World Sports Community (Again) Shows They Don't Need the United States

Earlier this year, the United States bid for the 2016 Olympic Games ... Chicago ... was beaten by Rio de Janeiro. That will be the first Games held in South America.

Today, the United States bid for the 2022 World Cup was beaten by Qatar ... the smallest country to every host the Cup. Ask most Americans and they have no idea where Qatar is.

In one year, the international sports community has basically said they don't need the USA like they used to.

Yeah, there are other factors out there. The fact that Rio would be the first Games in South America was a big selling point. Qatar is an oil rich nation and would place the World Cup in the part of the planet where events like this are rarely held. The USA has lost these things before and just did again.

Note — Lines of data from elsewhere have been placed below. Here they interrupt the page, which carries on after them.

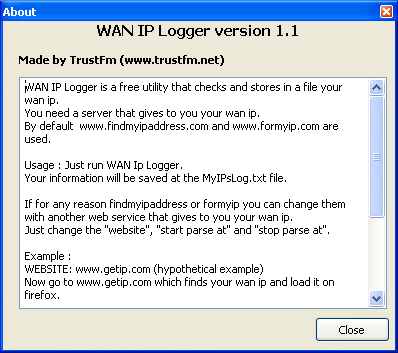 WAN IP Logger about box in Win XP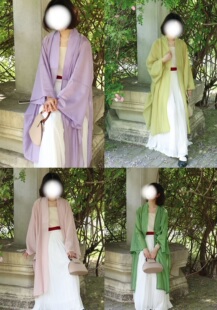 天丝多色日常春夏秋汉服 宋制仿铁拐墓折领对襟长衫 裳裳者华 粉彩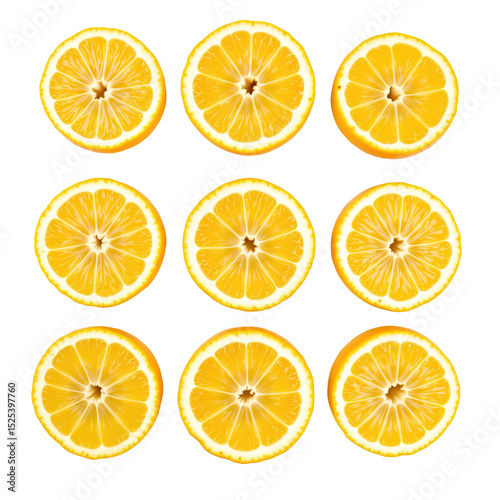 Bright and Fresh Yellow Lemon Halves Arranged in a Perfect Grid on a Dark Background for Culinary Presentation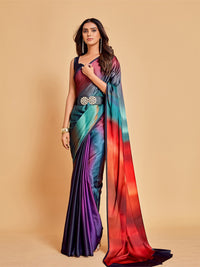 Thumbnail for Sangria Violet & Orange Ombre Satin Saree - Distacart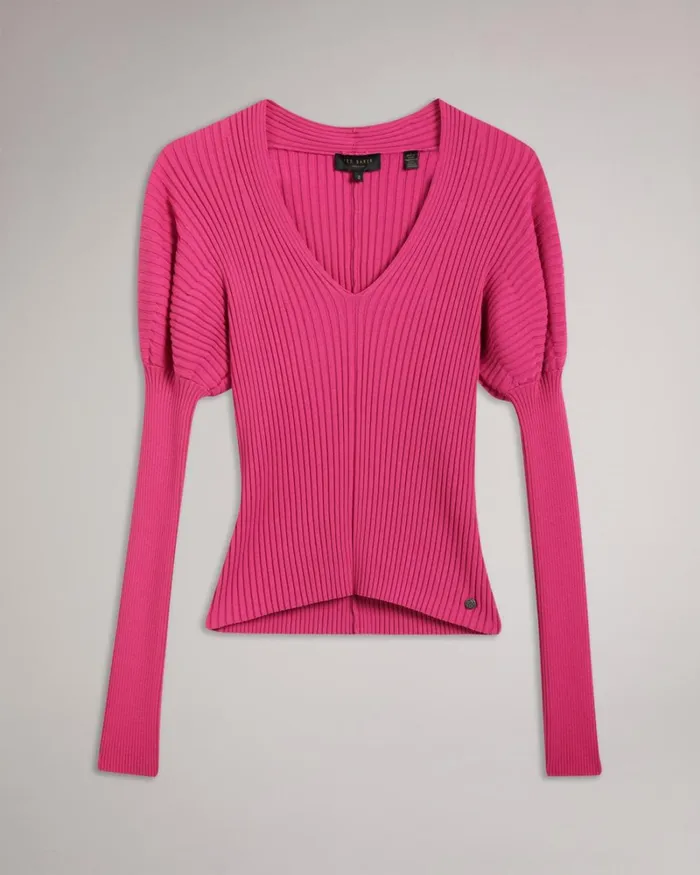 Rib Knit Top With Puff Shoulders DeepPink Women Ted Baker Clothing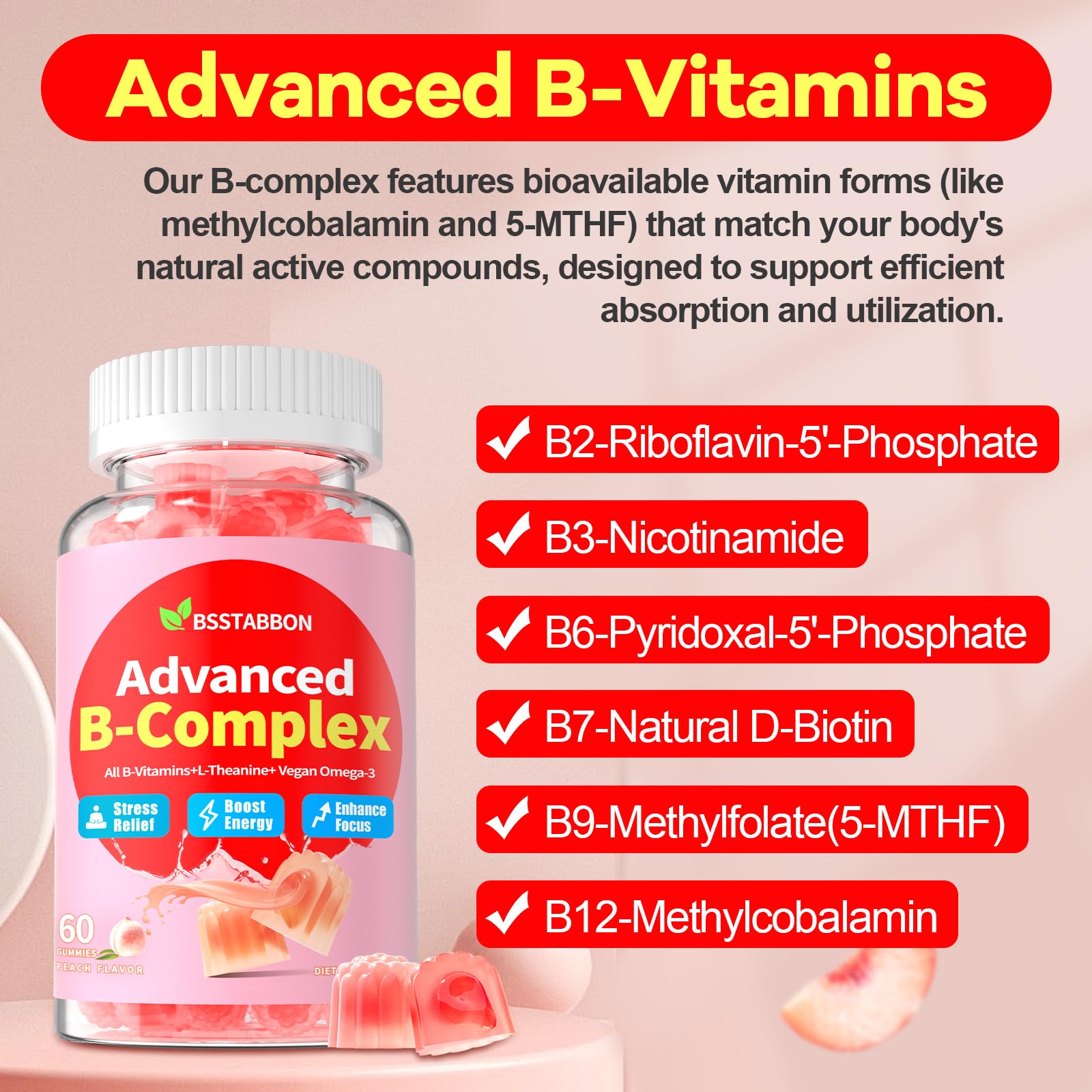 BSSTABBON Organic Methylated B Gummies – Energy Support (120 ct)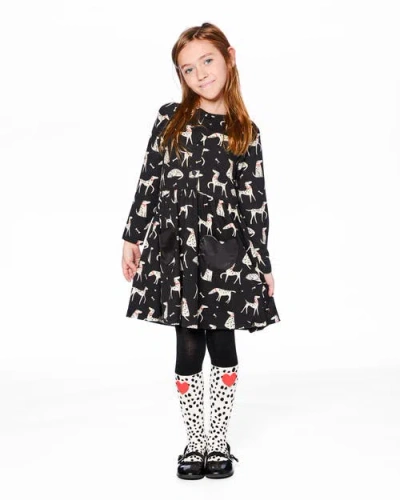 Deux Par Deux Knit Tights With Dalmatian In Black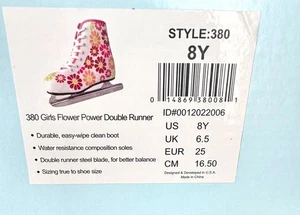 Patines de Hielo Americanos 380 Flower Power Doble Corredor Niñas Talla 8Y - Imagen 1 de 4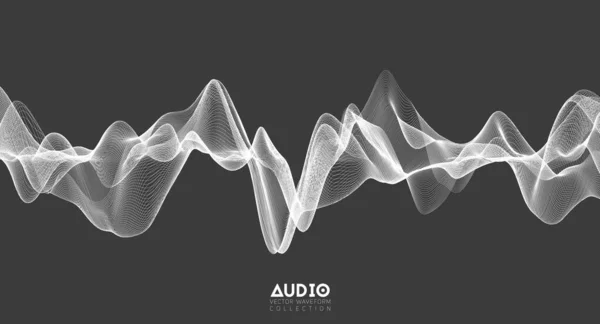 Onda de sonido de audio 3d. Oscilación de pulso de música blanca. Patrón de impulso brillante — Vector de stock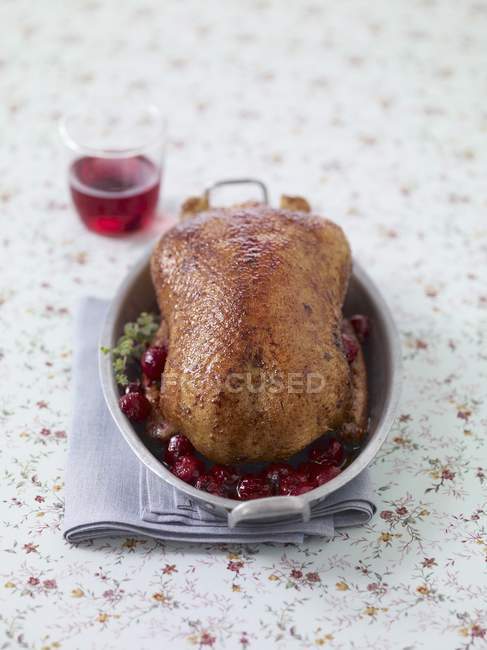 Roast duck with cherries — Stock Photo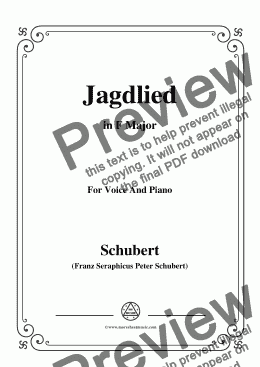 page one of Schubert-Jagdlied(Hunting Song),D.521,in F Major,for Voice&Piano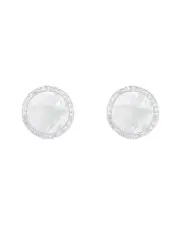 Splendid Pearls Silver 8mmmm Pearl CZ Earrings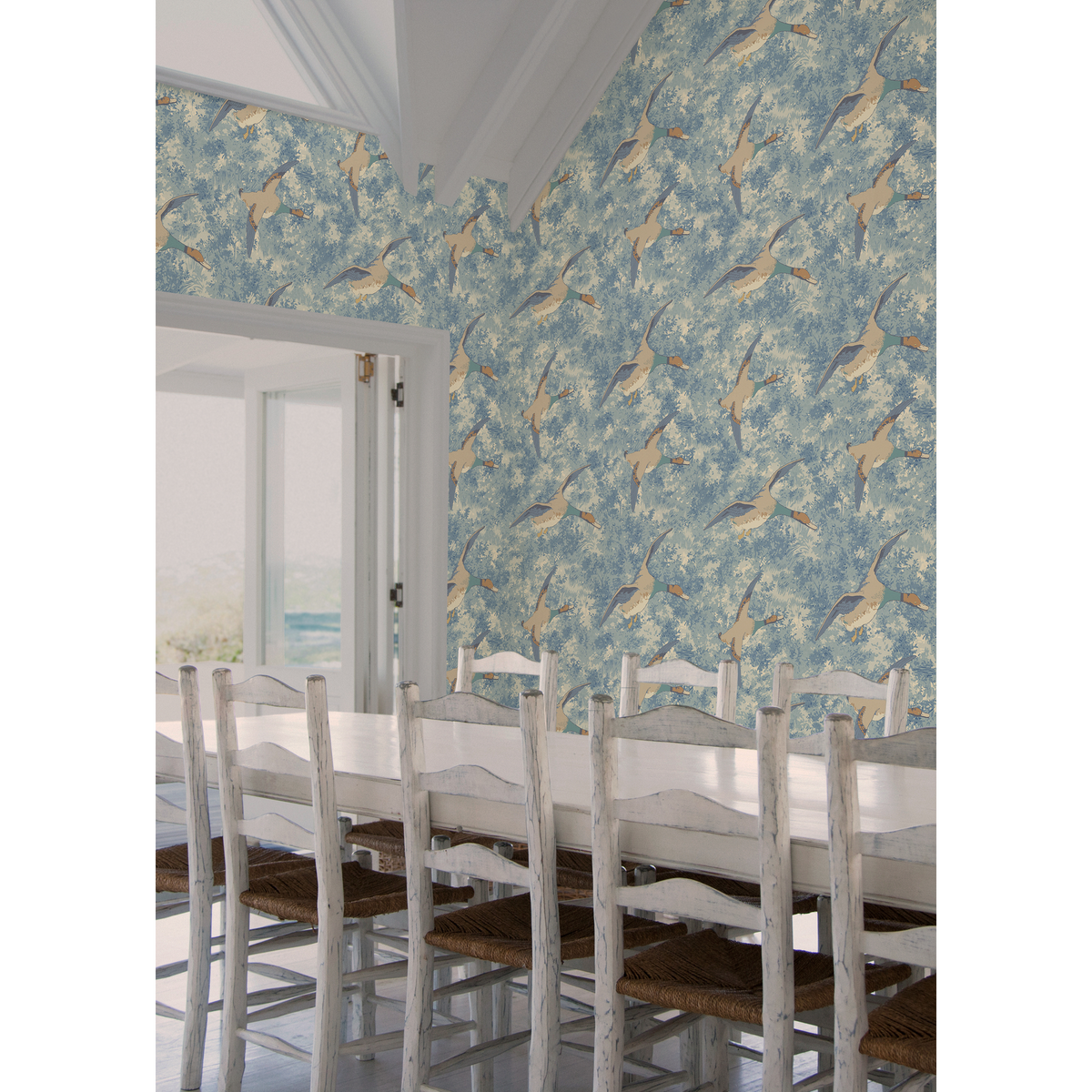 Forest Ducks - Blue - Mulberry Wallpaper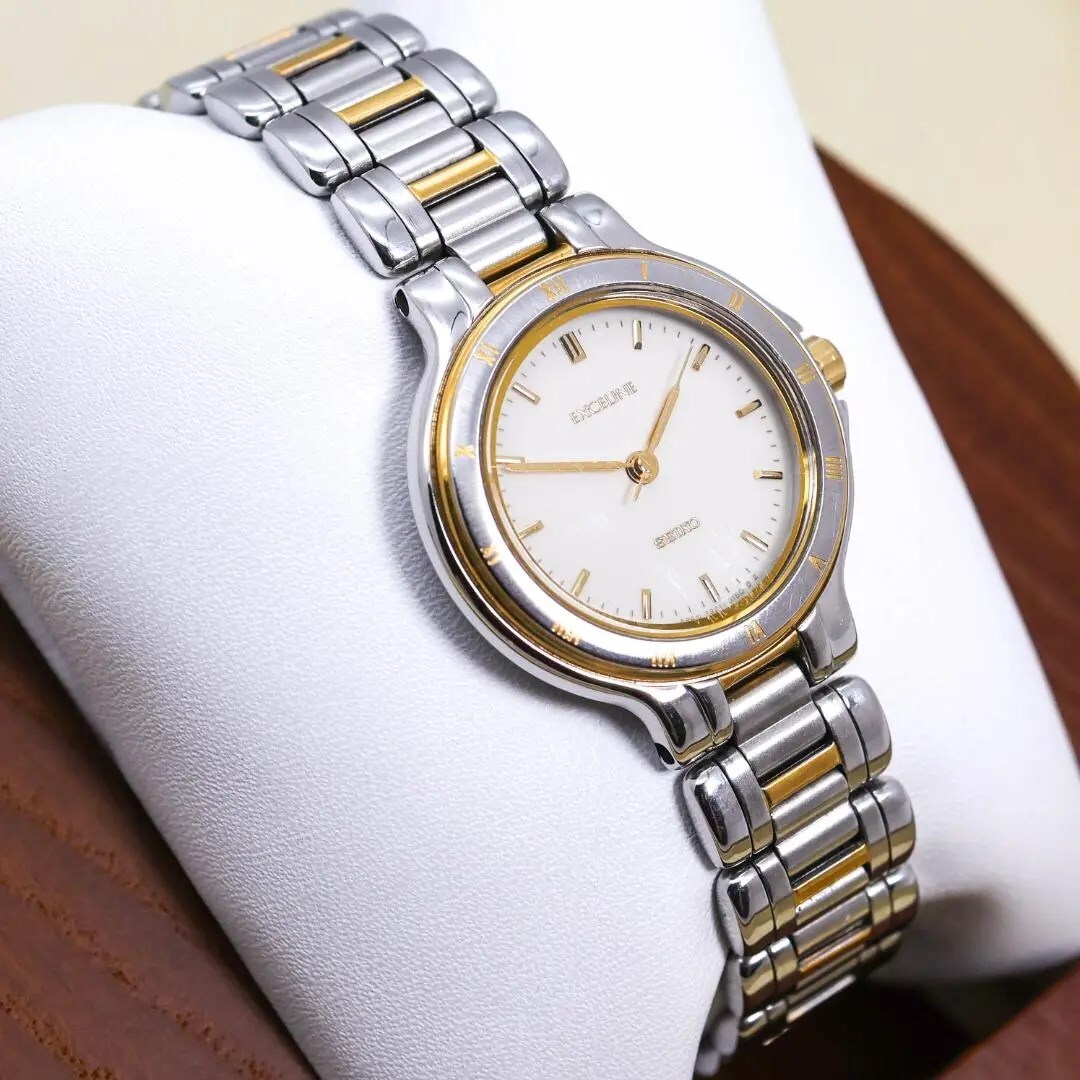 ◆美品 稼働 SEIKO Exceline 腕時計 レディース 華奢 新品電池f_画像1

What also is a factor is the fact that we're not that good at hosting these things. Sure, the 1994 World Cup was a success here ... even if the game hasn't caught the fire people predicted it would. But the 1996 Olympics in Atlanta was marred by a terrorist attack and an overkill of corporate powers that left a bad taste in the IOC's mouth. Then the 2002 Winter Games in Salt Lake City is best known for the gift-giving scandal that caused the IOC to overhaul its rules. We haven't done it correctly.

In the past, that didn't matter. The international sports community needed the United States so much that they looked past all these kinds of things. They point to the 1984 Games in Los Angeles which showed the world that the games (after sucking the last several cities dry) that a city can thrive because of the Olympics. That momentum continued in Seoul and Barcelona and allowed the United States to quickly get the games back just 12 years later.

The world knew that the corporate dollars would pour in. The world knew that the USA would make it quite a production. The world knew that many eyes would be watching the games and the USA is very "foreigner friendly" so fans from other nations would feel at home.

That isn't the case anymore. Our standing in the world has fallen a bit ... not to mention our likeability. The massive corporate dollars aren't there anymore -- at least not as much to sway an event here. And while we may be more "foreigner friendly" than anywhere else, things have changed where bringing an event like that would be a logistical nightmare in our New America.

Those things are true everywhere, however, so it is interesting why the USA keeps getting passed over. Maybe we've overstayed our welcome on the world stage. Maybe we need to prove that we are worthy of the Games and Cup ... instead of trying to say they are worthy of being here.